Joint functional brain network atlas estimation and feature selection for neurological disorder diagnosis with application to autism.

Image-based brain maps, generally coined as 'intensity or image atlases', have led the field of brain mapping in health and disease for decades, while investigating a wide spectrum of neurological disorders. Estimating representative brain atlases constitute a fundamental step in several MRI-based neurological disorder mapping, diagnosis, and prognosis. However, these are strikingly lacking in the field of brain connectomics, where connectional brain atlases derived from functional MRI (fRMI) or diffusion MRI (dMRI) are almost absent. On the other hand, conventional connectomic-based classification methods traditionally resort to feature selection methods to decrease the high-dimensionality of connectomic data for learning how to diagnose new patients. However, these are generally limited by high computational cost and a large variability in performance across different datasets, which might hinder the identification of reproducible biomarkers.

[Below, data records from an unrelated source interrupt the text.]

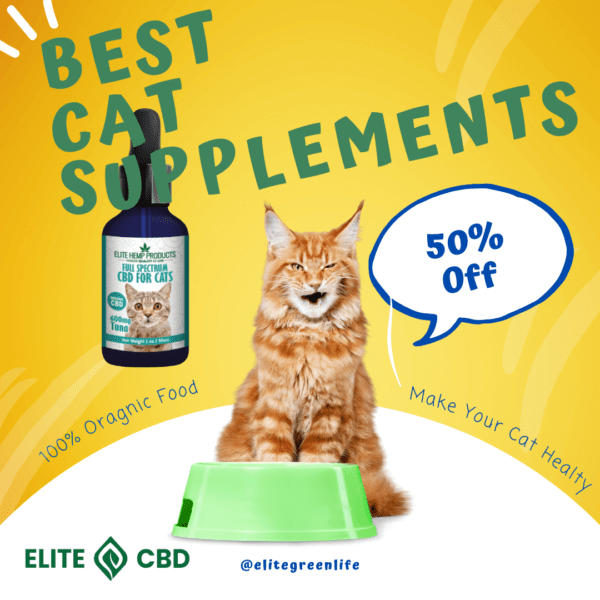 CBD Tincture for Cats 600MG - Image 2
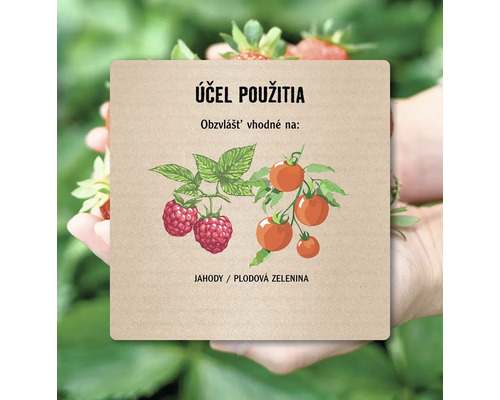 Ilustrácia balenia pre jahody a plodovú zeleninu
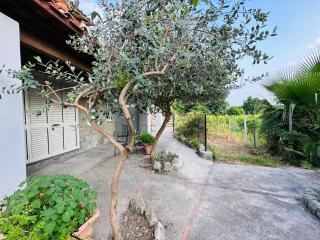 Il Vitigno di Dioniso - Ischia - 4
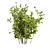 Blueberry Bush 3D Plant Model 3D model small image 4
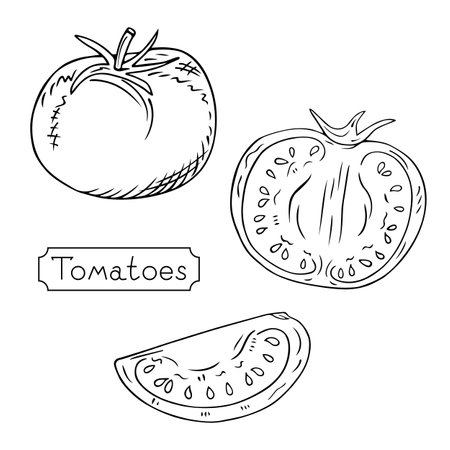 Hand-drawn tomatoes. Whole, half and slice. Sketch of a vegetarian food, a product at an agricultural market, an element for a label or poster. Vector engraving illustration.のイラスト素材
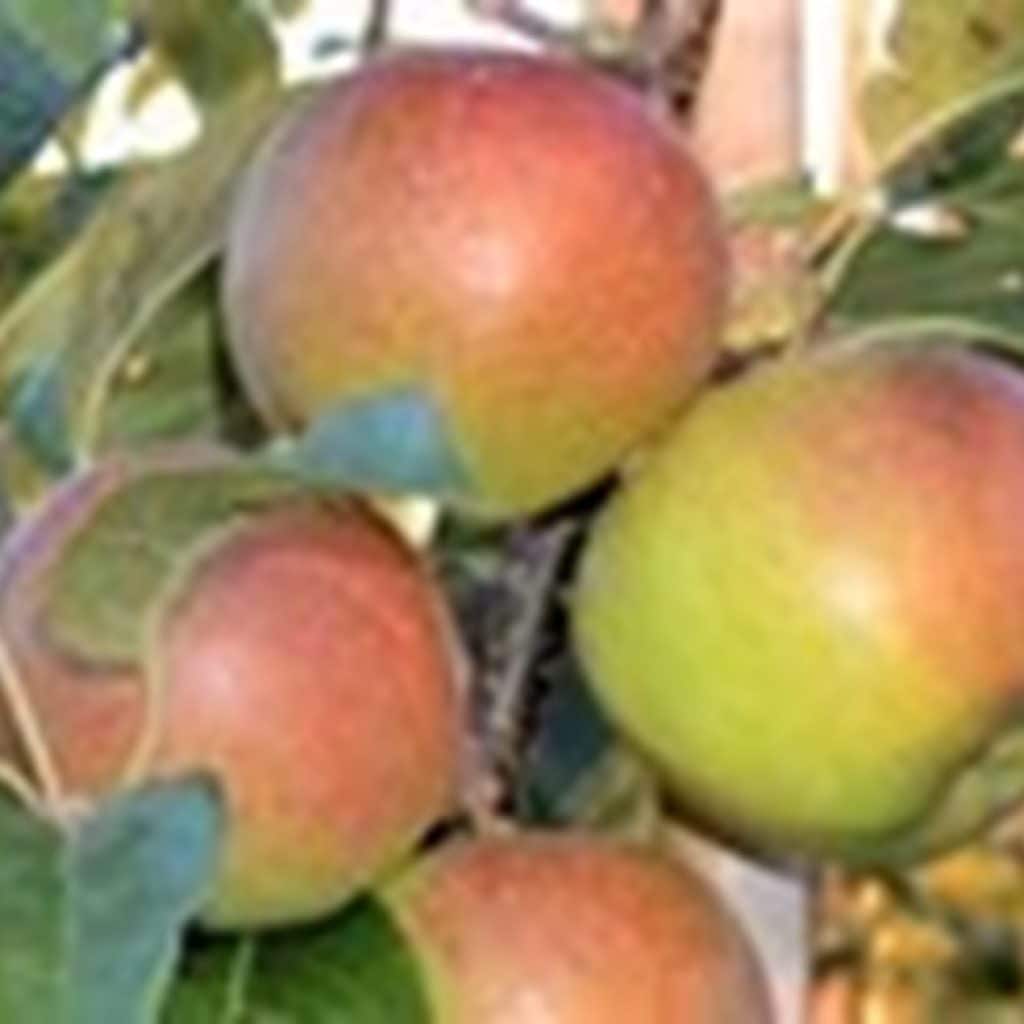 Tough times not yet over for Canadian fruit growers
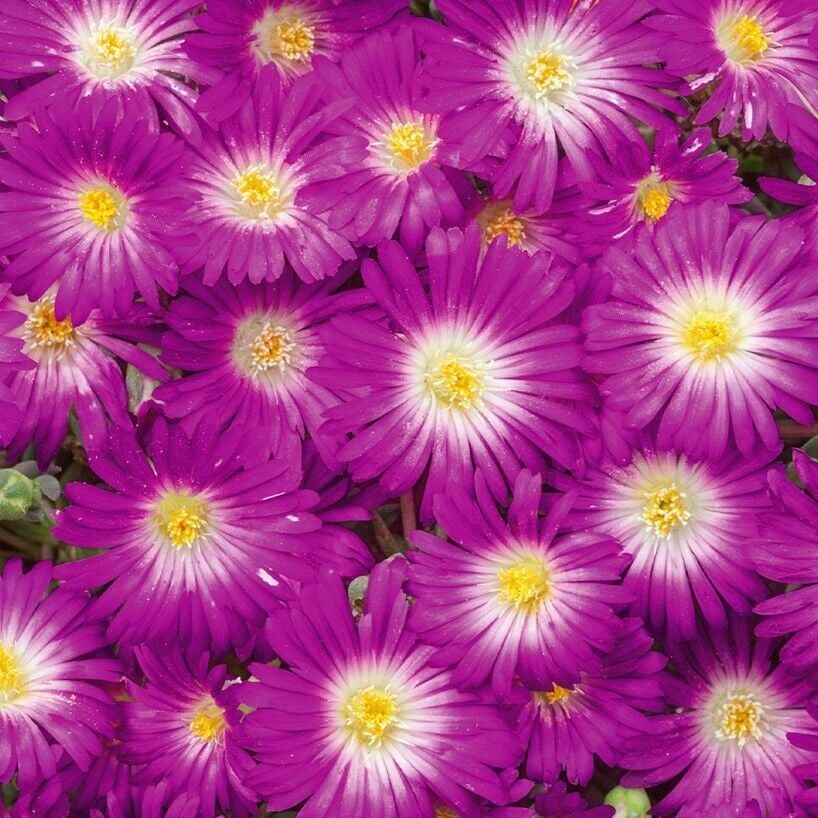 Yayılıcı Sarkıcı Delasporma Purple Buz Çiçeği Fidesi (2 Fide)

To address both limitations, we unprecedentedly propose a brain network atlas-guided feature selection (NAG-FS) method to disentangle the healthy from the disordered connectome. To this aim, given a population of brain connectomes, we propose to learn how estimate a centered and representative functional brain network atlas (i.e., a population center) to reliably map the functional connectome and its variability across training individuals, thereby capturing their shared traits (i.e., connectional fingerprint of a population). Essentially, we first learn the pairwise similarities between connectomes in the population to map them into different subspaces. Next, we non-linearly diffuse and fuse connectomes living in each subspace, respectively. By integrating the produced subspace-specific network atlases we ultimately estimate the population network atlas. Last, we compute the difference between healthy and disordered network atlases to identify the most discriminative features, which are then used to train a predictive learner. Our method boosted the classification performance by 6% in comparison to state-of-the-art FS methods when classifying autistic and healthy subjects.